━━━━━ Material shown

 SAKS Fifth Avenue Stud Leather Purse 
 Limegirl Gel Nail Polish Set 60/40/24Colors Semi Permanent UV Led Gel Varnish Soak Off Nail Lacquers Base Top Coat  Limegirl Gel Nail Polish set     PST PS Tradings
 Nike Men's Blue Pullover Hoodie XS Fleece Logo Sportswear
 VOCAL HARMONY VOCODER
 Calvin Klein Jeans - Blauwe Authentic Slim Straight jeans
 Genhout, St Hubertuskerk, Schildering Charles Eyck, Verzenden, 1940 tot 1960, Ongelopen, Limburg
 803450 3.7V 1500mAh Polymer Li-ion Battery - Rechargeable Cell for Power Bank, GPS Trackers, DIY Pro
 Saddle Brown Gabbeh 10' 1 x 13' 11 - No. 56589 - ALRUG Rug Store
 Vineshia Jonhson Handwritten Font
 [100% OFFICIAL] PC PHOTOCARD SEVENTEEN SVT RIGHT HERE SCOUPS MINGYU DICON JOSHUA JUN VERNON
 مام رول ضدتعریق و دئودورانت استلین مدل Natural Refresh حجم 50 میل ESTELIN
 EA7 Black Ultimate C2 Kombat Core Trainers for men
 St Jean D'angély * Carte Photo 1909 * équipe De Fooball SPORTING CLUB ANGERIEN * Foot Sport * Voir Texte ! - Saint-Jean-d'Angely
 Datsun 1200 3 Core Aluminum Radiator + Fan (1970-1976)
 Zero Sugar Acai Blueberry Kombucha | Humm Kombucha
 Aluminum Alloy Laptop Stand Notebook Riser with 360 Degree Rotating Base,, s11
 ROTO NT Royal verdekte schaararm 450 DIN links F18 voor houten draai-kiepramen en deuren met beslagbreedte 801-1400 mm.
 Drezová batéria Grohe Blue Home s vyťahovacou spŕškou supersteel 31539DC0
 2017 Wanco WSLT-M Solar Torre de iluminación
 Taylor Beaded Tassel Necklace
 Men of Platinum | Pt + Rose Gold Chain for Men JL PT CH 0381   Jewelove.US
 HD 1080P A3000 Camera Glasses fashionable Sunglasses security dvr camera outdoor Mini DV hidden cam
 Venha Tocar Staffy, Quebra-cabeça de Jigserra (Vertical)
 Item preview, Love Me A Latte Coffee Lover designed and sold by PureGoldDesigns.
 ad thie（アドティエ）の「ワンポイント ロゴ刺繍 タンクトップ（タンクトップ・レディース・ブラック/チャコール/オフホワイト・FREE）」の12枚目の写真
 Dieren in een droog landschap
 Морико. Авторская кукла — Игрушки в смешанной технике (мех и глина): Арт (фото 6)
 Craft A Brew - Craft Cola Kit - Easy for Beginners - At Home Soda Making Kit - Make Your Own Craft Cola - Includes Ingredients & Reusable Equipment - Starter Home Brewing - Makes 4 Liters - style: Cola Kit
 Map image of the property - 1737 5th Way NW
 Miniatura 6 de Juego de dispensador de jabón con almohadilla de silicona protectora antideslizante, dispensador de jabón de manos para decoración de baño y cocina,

━━━━━━━━━━

Activity:
Copy the material above word for word, taking the first line, the line containing "EA7 Black Ultimate", and every line between them, and nothing else.

Answer to the exercise:
 SAKS Fifth Avenue Stud Leather Purse 
 Limegirl Gel Nail Polish Set 60/40/24Colors Semi Permanent UV Led Gel Varnish Soak Off Nail Lacquers Base Top Coat  Limegirl Gel Nail Polish set     PST PS Tradings
 Nike Men's Blue Pullover Hoodie XS Fleece Logo Sportswear
 VOCAL HARMONY VOCODER
 Calvin Klein Jeans - Blauwe Authentic Slim Straight jeans
 Genhout, St Hubertuskerk, Schildering Charles Eyck, Verzenden, 1940 tot 1960, Ongelopen, Limburg
 803450 3.7V 1500mAh Polymer Li-ion Battery - Rechargeable Cell for Power Bank, GPS Trackers, DIY Pro
 Saddle Brown Gabbeh 10' 1 x 13' 11 - No. 56589 - ALRUG Rug Store
 Vineshia Jonhson Handwritten Font
 [100% OFFICIAL] PC PHOTOCARD SEVENTEEN SVT RIGHT HERE SCOUPS MINGYU DICON JOSHUA JUN VERNON
 مام رول ضدتعریق و دئودورانت استلین مدل Natural Refresh حجم 50 میل ESTELIN
 EA7 Black Ultimate C2 Kombat Core Trainers for men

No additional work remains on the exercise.